▶ **Information provided**:
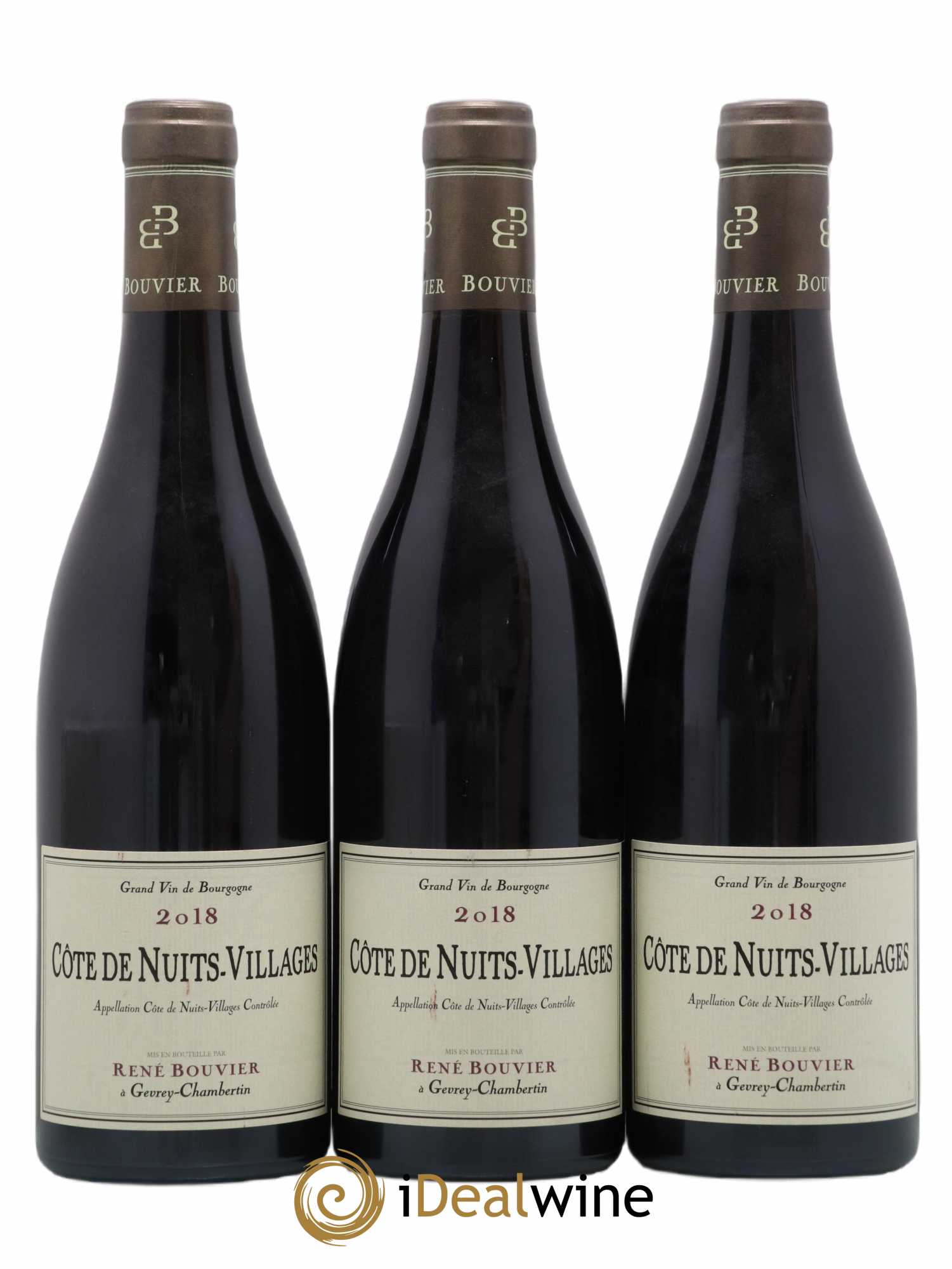 Côtes de Nuits-Villages René Bouvier (Domaine) 2018 - Lot de 3 bouteilles - 0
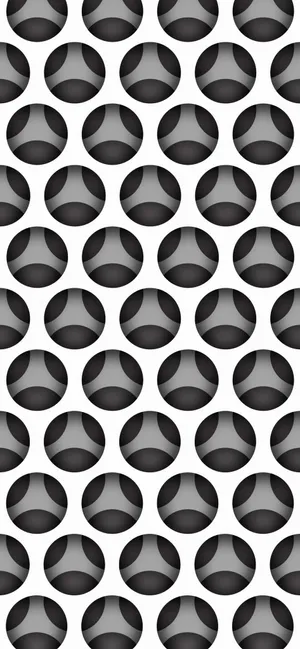 A Black And White Pattern With A Lot Of Circles Wallpaper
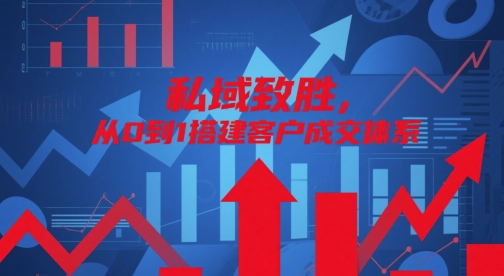 私域致胜，从0到1搭建客户成交体系跨境课程-外贸教程-精品网课-电商运营课库课堂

▶ **About this task**:
Transcribe everything above exactly. Do not include the pictures.

▶ **Solution below**:
 Côtes de Nuits-Villages René Bouvier (Domaine) 2018 - Lot de 3 bouteilles - 0
 A Black And White Pattern With A Lot Of Circles Wallpaper
 私域致胜，从0到1搭建客户成交体系跨境课程-外贸教程-精品网课-电商运营课库课堂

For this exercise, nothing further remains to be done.